18" .308 AR: precision tool or compromise that satisfies nothing?
An 18-inch .308 AR-10 sits in an uncomfortable middle ground. It's too short to deliver the velocity that makes .308 Winchester interesting at distance, and it's too heavy and slow to compete with purpose-built precision platforms in the same envelope.
Let's be direct about what happens downrange. A 175gr match round out of an 18-inch barrel loses roughly 150–200 fps compared to a 24-inch tube. That velocity deficit matters. Your zero shift extends. Your wind hold gets messier. If you're shooting past 600 yards with any regularity, you're fighting ballistics that a bolt gun solved forty years ago.

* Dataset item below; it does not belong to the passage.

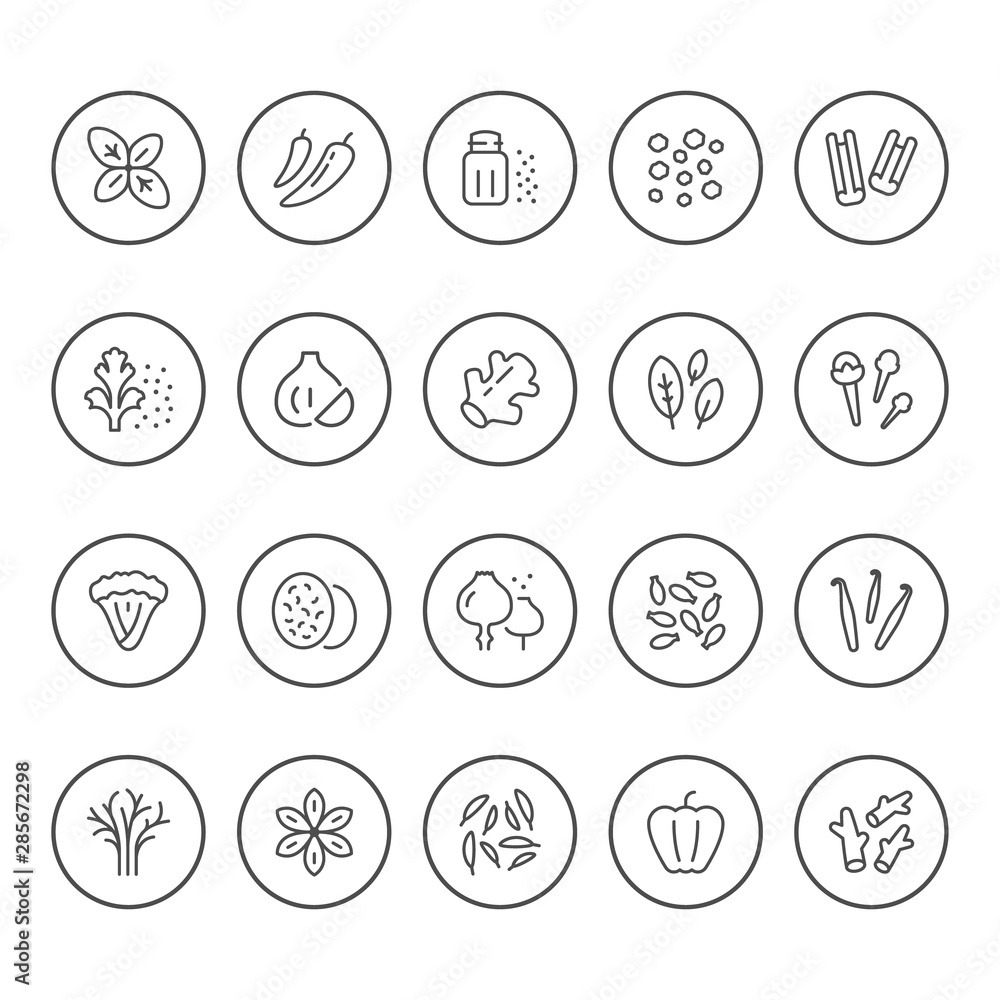 Set round line icons of seasoning Set round line icons of seasoning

The AR-10 platform has real merits: modularity, ergonomics, speed of follow-up shots if the situation demands it. But those advantages don't apply to precision rifle work. PRS shooters don't value fast action resets. They value first-round hits. An 18-inch AR-10 doesn't get you there more reliably than a 24-inch bolt gun, and it gets you there slower than a 26-inch setup in the same caliber.

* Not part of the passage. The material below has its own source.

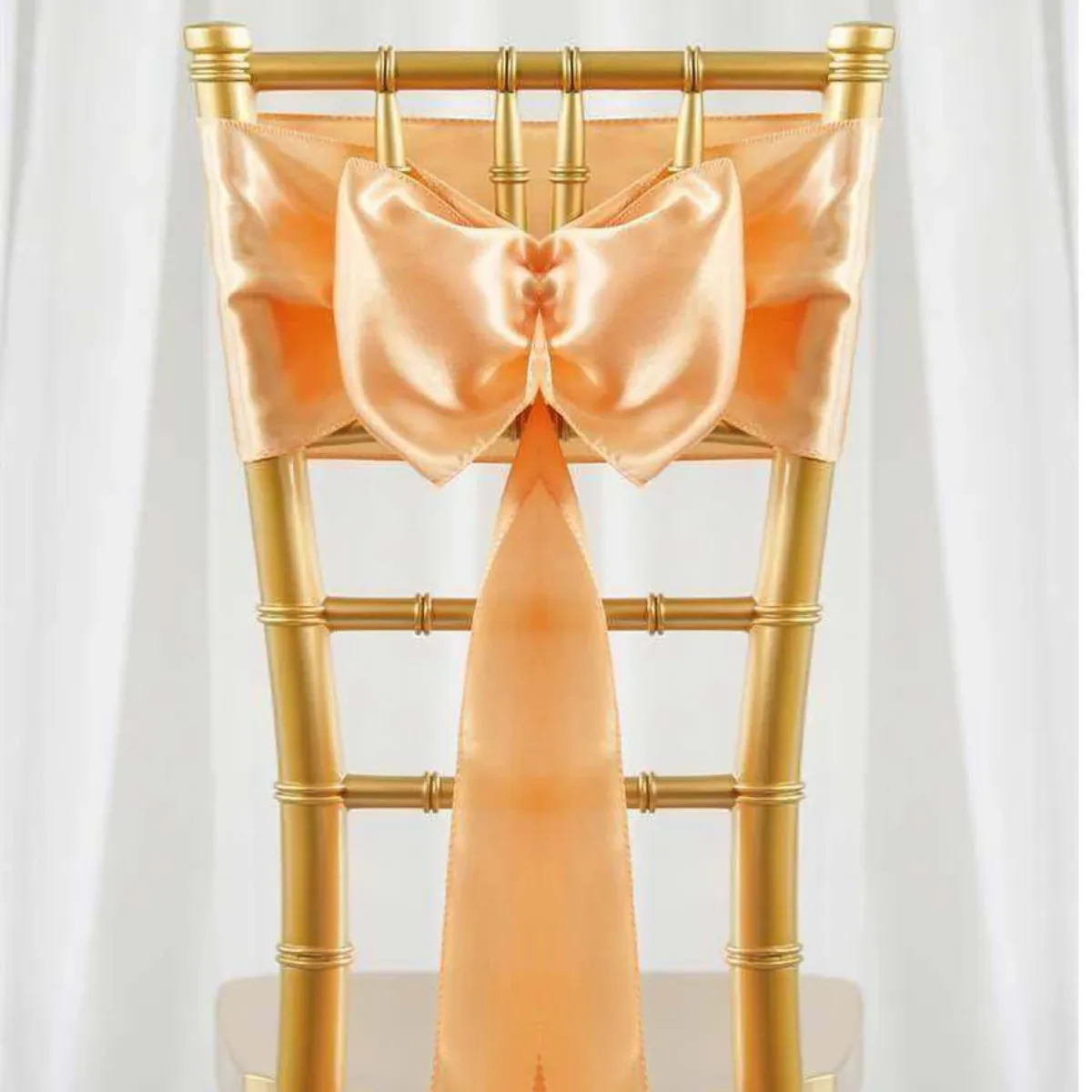 Coral Chair Sash Rental for Gold Chiavari Chairs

The one honest case for the short AR is duty work or hunting where you need mobility *and* reach—maybe to 400 yards in thick country. That's a legitimate job. But that's not a precision rifle. That's a hunting carbine wearing precision hardware it doesn't fully exploit.

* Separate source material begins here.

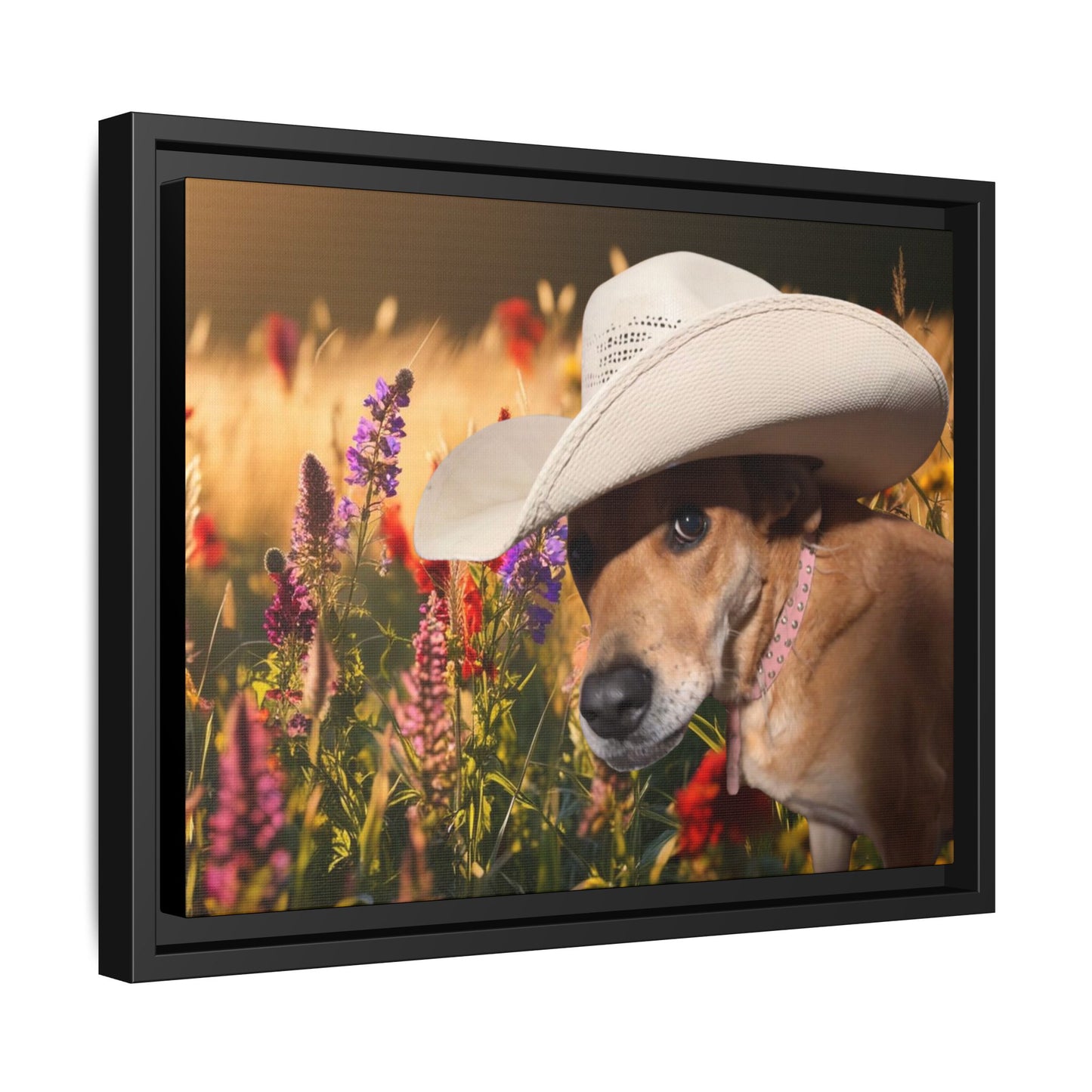 Canvas Wall Art - Peek-a-Boo Cowgirl Fanny in the flowers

If you're building this because you want a precision tool, ask yourself: what's the actual standard? Sub-MOA at 300? That's achievable. Sub-MOA at 600? You're fighting your cartridge choice and barrel length both. At that point, stop building the short gun and spend the money on a 24-inch Creedmoor or a 26-inch PRC with a bolt action. You'll have a real answer instead of a compromise.
What distance are you actually shooting?